In uno spazio dedicato all’apprendimento come è il nido i bambini vivono tutte queste esperienze non da soli ma in una piccola comunità fatta di altri bambini che sperimentano e con la guida di un insegnante che propone, incoraggia, racconta, ripete, mostra. I cambiamenti che avvengono nel cervello di un bambino in età da nido sono enormi, e gli educatori ne sono al tempo stesso promotori e spettatori, assieme ai genitori di cui possono essere dei preziosissimi alleati. 

E l’alleanza tra genitori e insegnanti, importante per tutte le fasi della vita scolastica di un bambino, diventa davvero cruciale nella fascia di età 0-3 anni, quando si tratta di accompagnare questi straordinari cambiamenti modulando al tempo stesso possibili difficoltà per quelli che sono spesso di fatto i primi momenti in cui in piccolo si “allontana”, per quanto temporaneamente, dal suo “nido”. 

Un’alleanza, quella tra insegnanti e genitori, tanto più importante in questo delicato momento di emergenza sanitaria.
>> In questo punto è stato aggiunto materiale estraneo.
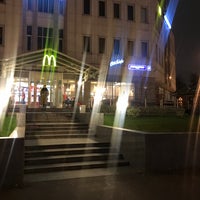 Photo taken at McCafe by Alexandr P. on 10/25/2018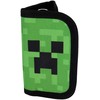 Manenti Minecraft Face purse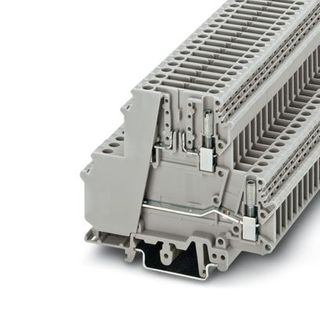 Disconnect Terminal Block - UKK 5-TG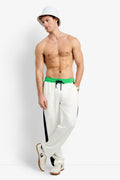 Tennis Track Pant - Cozy Ponte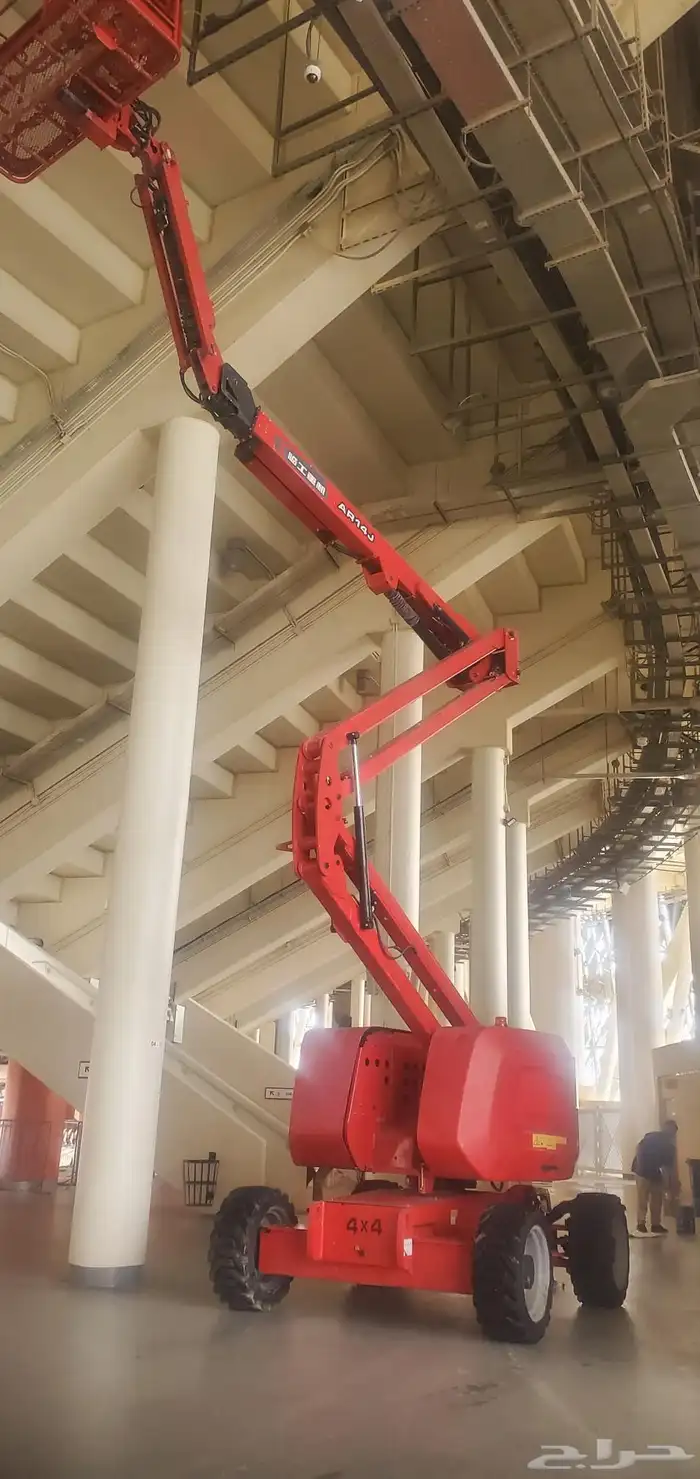 مان لفت وسيزر لفت ورافعات شوكيه وكرينات بجميع انواعها 2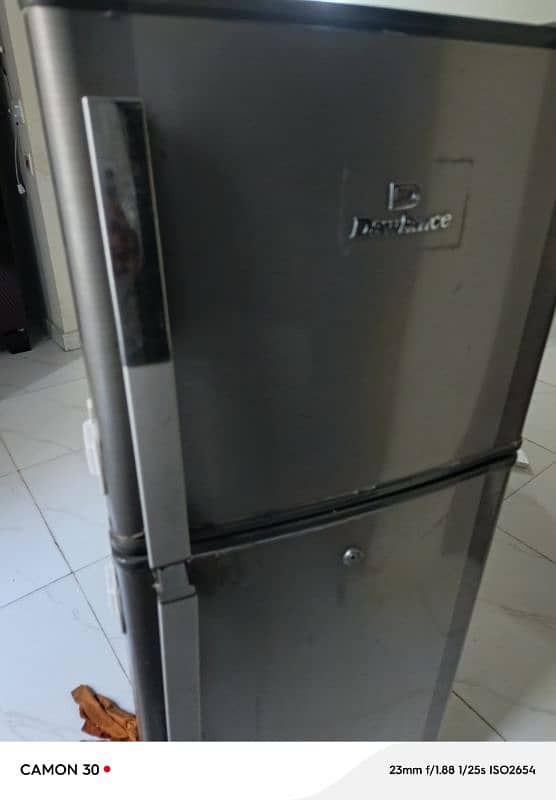 Dawlance fridge small size 3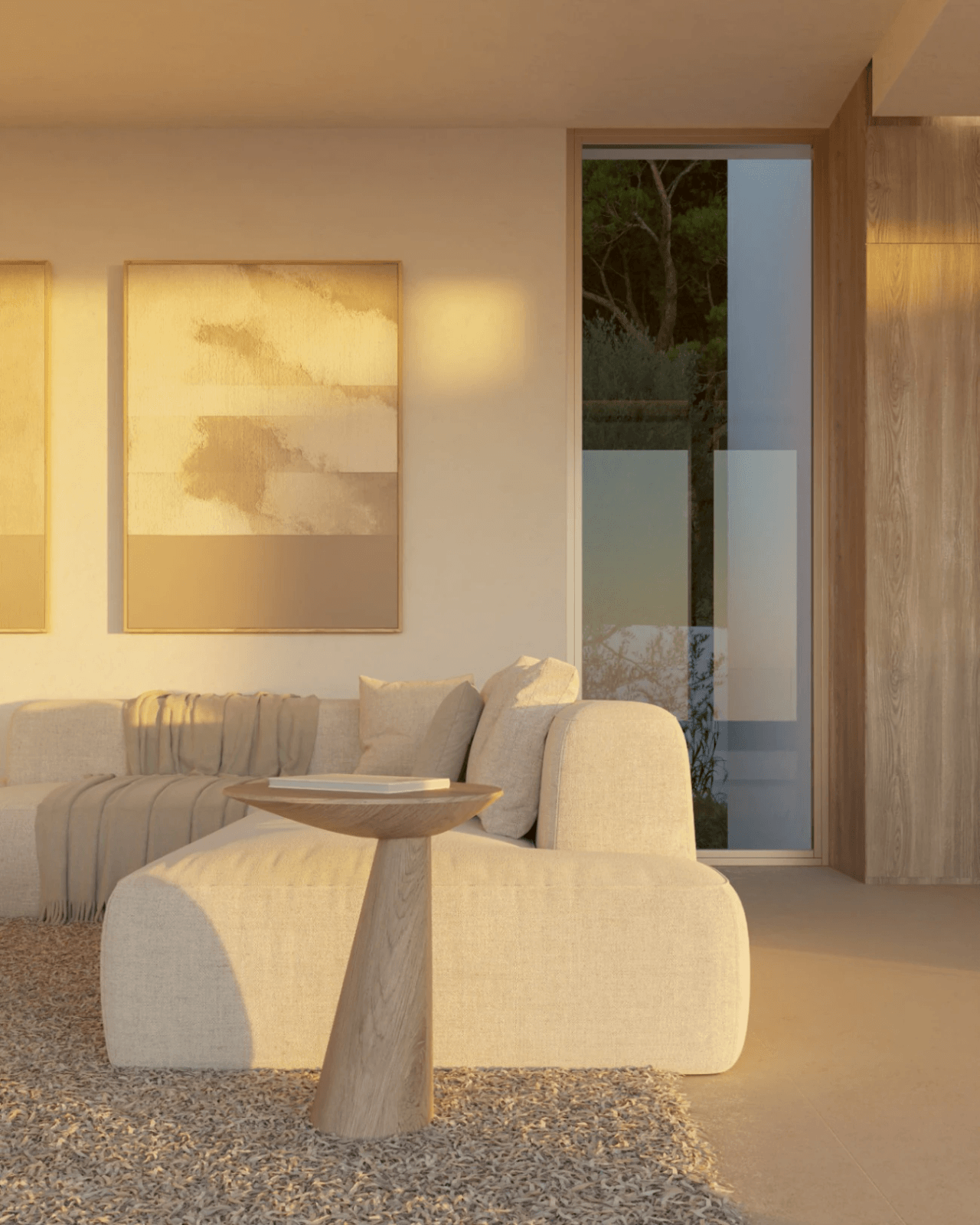 Eksklusiv nybygg villa i luksus med havutsikt i Calpe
Lo sanno bene i nostri educatori dell’hub NEST, che proprio in questi giorni hanno riaperto le attività educative con i bambini fino a 3 anni di età e si stanno impegnando a fondo per riorganizzare spazi e servizi secondo le regole e i protocolli sanitari messi a punto per limitare il rischio di contagi. Una parte rilevante del loro lavoro sta riguardando, come è ovvio che sia, la necessità di comunicare con chiarezza e precisione informazioni e indicazioni a genitori in questo momento comprensibilmente spaventati ma che comunque riconoscono il valore del nostro spazio educativo confermando le iscrizioni dei loro piccoli. E poi, naturalmente, c’è il lavoro da fare con i bambini, ma con loro tutto è possibile! Ai bambini si può spiegare che le manine si lavano di frequente e perché è importante farlo, si può spiegare il motivo per il quale i grandi devono portare la mascherina e i guanti e perché, dopo ogni attività, i materiali vengono scrupolosamente igienizzati. E la stessa attenzione dedicata ai bambini ed ai genitori è dedicata anche all’equipe di lavoro, soprattutto a chi è in prima linea con i piccoli, gli educatori appunto. Sono loro a trasformare i triage di pulizia da pensiero ossessivo e totalizzante a un insieme armonioso di gesti che accompagna e si innesta sulle attività quotidiane, magari sotto forma di gioco che coinvolge tutti i protagonisti di questa esperienza di apprendimento.